Experts interviewed by the Izvestya newspaper say Washington’s move is unlikely to seriously shatter Russia’s positions in the global financial system. However, the forecast about one more package dubbed the “bill from hell” is more pessimistic as these economic restrictions may hit the ruble, analysts say.
The Chairman of the Russian Federation Council’s (upper house of parliament) Foreign Affairs Committee Konstantin Kosachev told the paper that Russia will roll out a tit-for-tat response to any unfriendly diplomatic steps included in the second package of U.S. sanctions.
Speaking on Moscow’s possible response, Kosachev said that concerning the economy, Russia should be more accurate and selective, in order not to harm its own interests. “But as for politics, in particular diplomacy, I’m an ardent supporter of tit-for-tat measures,” the senator stressed.
According to Kosachev, Russian-U.S. relations now are at their lowest point and Washington’s new sanctions cannot have any influence on them. The senator noted that the new sanctions, which are linked to the Skripal case, would have a negative effect, but it would not be critical.
“Russia’s economy is developing in line with its own laws. It can move forward without cooperation with the U.S.,” the lawmaker emphasized.

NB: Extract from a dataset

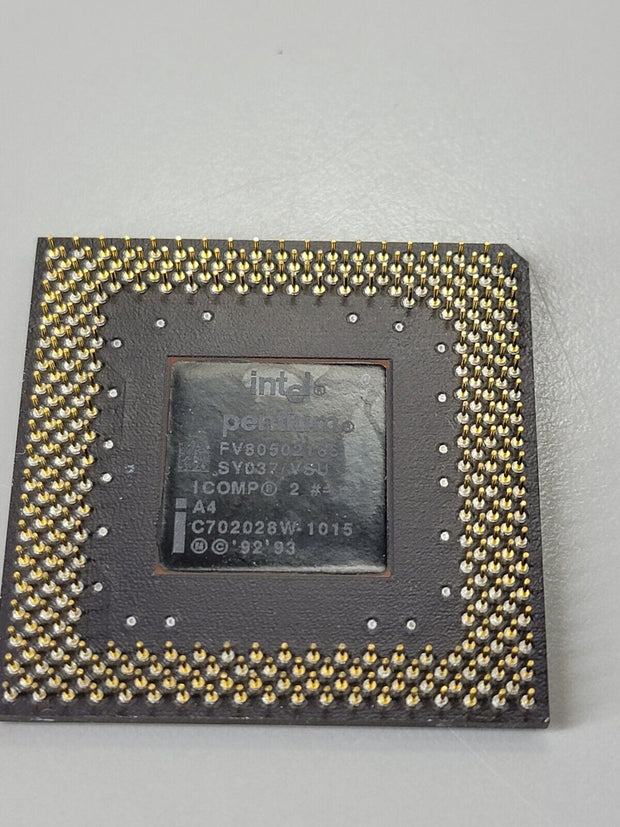 Vintage INTEL PENTIUM  i166 FV80502166 SY037/VSU SOCKET 7 CPU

“Both bills currently considered by Congress imply tough measures against Moscow. The ‘bill from hell’ stipulates a full ban on any communications with Russia’s state banks and this means isolating Russia from the global financial system, which is controlled by Washington,” says Dmitry Suslov, Deputy Director of the Center for Comprehensive European and International Studies at Russia’s Higher School of Economics. “However, it’s very unlikely that in this situation Washington will accept that, and the Europeans would hardly back this. The U.S. cannot initiate a full blockade of the Russian financial system unilaterally.”
To reduce the possible damage of the U.S. measures for the Russian economy the Russian government has drawn up a plan to wean the economy off the dollar, the paper says.